A illustrare più nel dettaglio la proposta durante la tavola rotonda è stato il cofondatore dell’Ukraine Breakthrough Fund Roman Sulzhyk, che ha anche rivelato di averla già trasmessa alla SEC, l’Autorità borsistica Usa.
Secondo Sulzhyk ogni compagnia occidentale che fa ancora affari con la Russia dovrebbe obbligatoriamente rivelare ai suoi investitori, nell’ordine, “l’ammontare delle tasse pagate in Russia; il commercio effettuato con la Russia; gli addetti in Russia; gli asset, e il relativo valore, presenti in Russia”.
Quanto alla filosofia dell’intervento Sulzhyk la sintetizza così: “è impossibile tagliare completamente il commercio con la Russia. Ma almeno tassiamolo”.
In questo modo, è il suo calcolo basato sui 200 miliardi di euro circa di interscambio che ancora sussiste tra i Paesi G7 e la Russia, “potremmo almeno ricavare tra i 5 e i 10 miliardi di euro all’anno”.
L’opinione dell’ex Segretario Generale dell’Europarlamento.

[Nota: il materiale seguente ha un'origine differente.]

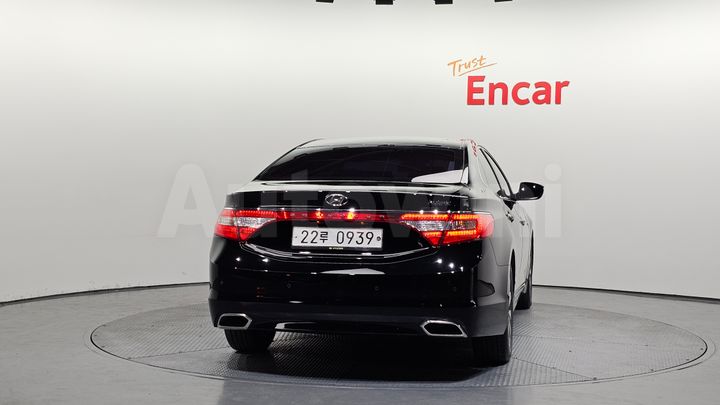 Hyundai Grandeur 2016 — 4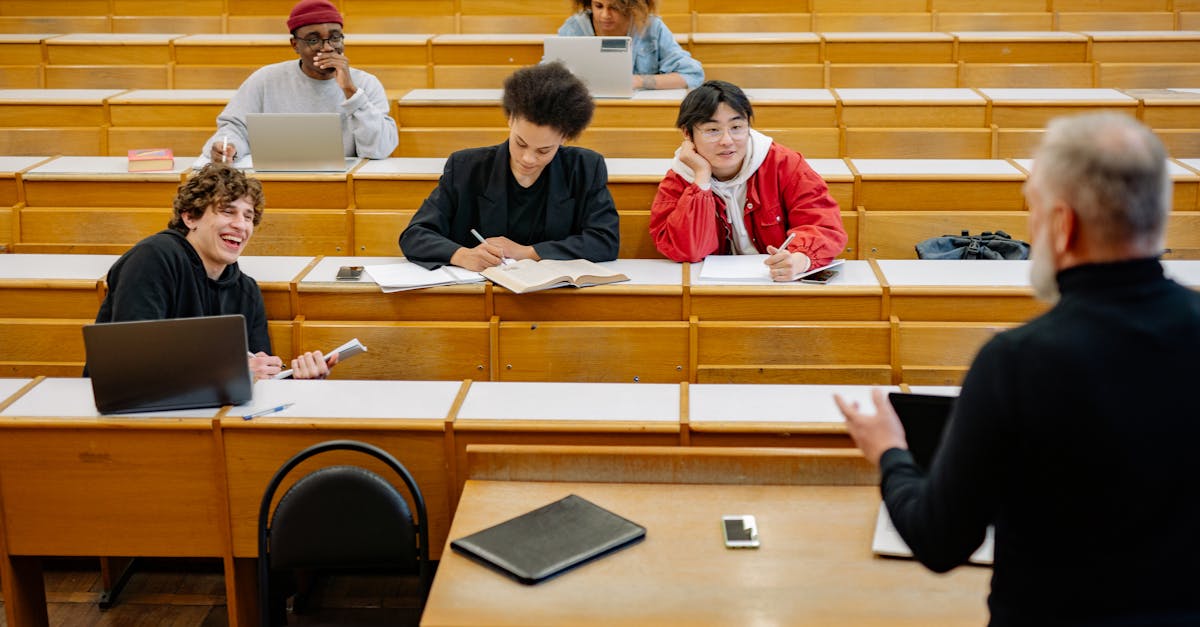 美國碩士選擇 - 兩大類線上碩士的本質差異：名校品牌 vs 實用取向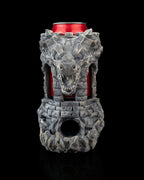 Drachen-Festungs-Dosenhalter mit eingesetzter Getränkedose, Frontalansicht mit Drachenkopf und Turm in grauer Steinoptik – 3D-Druck Münch3D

Il dibattito è stato arricchito dall’intervento di una personalità che, pur precisando di “non poter parlare a nome del Parlamento europeo”, ne è stato Segretario Generale per ben 14 anni.
Klaus Welle conosce talmente bene quel palazzo da poter “assicurare che qualsiasi misura aggiuntiva che possa essere adottata per sostenere l’Ucraina e creare deterrenza nei confronti della Russia sarà senza dubbio appoggiata dal Parlamento europeo con un’ampia maggioranza”.
Welle quantifica addirittura ottimisticamente tra l’80 e il 90% la quota degli europarlamentari in carica – che però, come sappiamo, sono a fine mandato – che voterebbe a favore di “misure aggiuntive” come quella discussa nella tavola rotonda a cui ha preso parte.